Do art museums have to offer accomodations for the visually impaired?
I am so confused. Our government does stupid stuff, but this is just stupid. But then I read last week that a judge insists that lifeguard chairs in Florida must be handicapped accessible.
“Next we will find a right to drive for blind people.”
Ever notice the braille on the buttons of drive-up ATMs?
Do art museums have to offer accomodations for the visually impaired?
Yes, they do. And the Justice Department’s “equal access” people want to mandate “audio description” for movies, too.
(Which is actually not QUITE as stupid an idea as it first sounds- if you research what they’re considering- but fercryinoutloud, MANDATES?)

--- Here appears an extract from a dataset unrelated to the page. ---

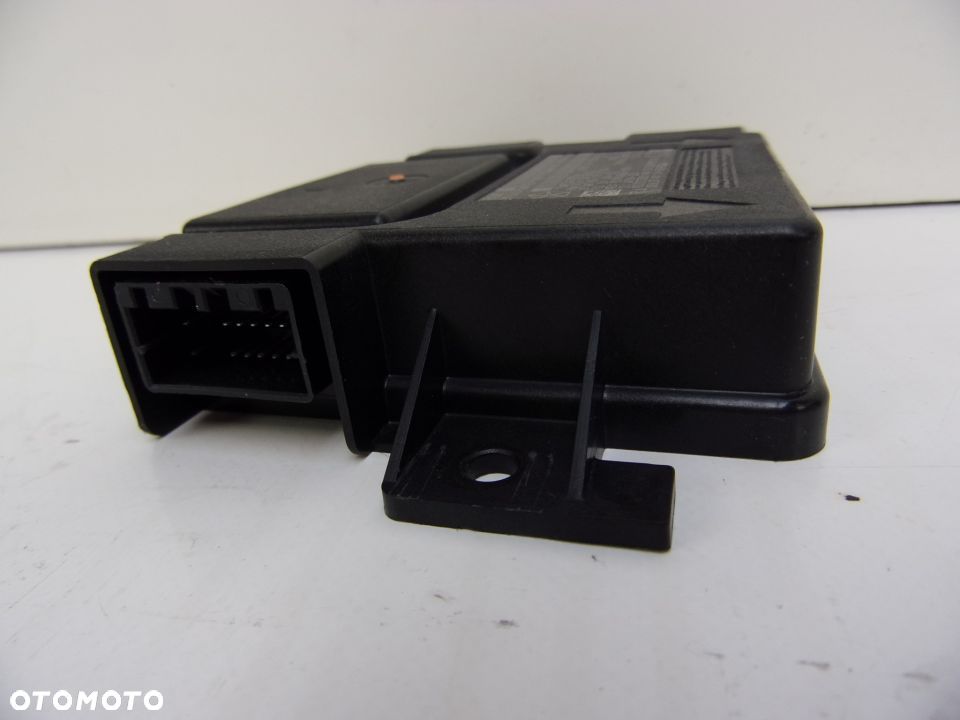 JEEP CHEROKEE KL MODUŁ KEYLESS 68272745AB - 4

It might be helpful to actually read information provided by the National Federation of the Blind on why they are pursuing this. Further, it’s such a puerile stance to assume that, since the blind are advocating and/or suing for one accommodation (which, again, is not unreasonable one you understand their position), that they are then going to go out of their way to sue every item that is accessible only by sight. How tiresome you little bloggers are, not actually taking the time to fully understand the issue, but hear Rush bloviate about something for a minute and then post a thoughtless, emetic screed on something about which you have very little understanding.
My, you shore do talk purty, miss. And I’ll bet I have a better understanding of the situation than you do, with your Perennially Indignant attitude. For your information, I don’t rely on Rush for my information, and I actually own a Kindle and find it to be a very useful tool. The issue at hand, however, is not whether or not the Kindle is blind-accessible, but rather that our overbearing government finds a problem where one does not exist, and threatens legal action where the issue has already been dealt with.
The point you have missed in reading the above is that a growing segment of the US citizenry is getting sick and tired of special interests running our government and telling us what we can and cannot do. And apparently you are a special interest advocate with no interest in actually discussing the issue at hand — so kindly go hang.
All that I need to know to “understand the issue” is that the federal government, at the behest of a private advocacy group, blocked an EXPERIMENT that might have wound up saving a bunch of people a bunch of money soley because a (disabled) minority couldn’t participate YET.
Without giving the experimenters even a CHANCE to make any accommodation.
That isn’t improving access, it’s playing dog in the manger.
“It might be helpful to actually read information”
IRONY-METER-BROKEN-MUST-KILL-MORON!!!
Fiona, do you like anal sex? Cause it’s coming.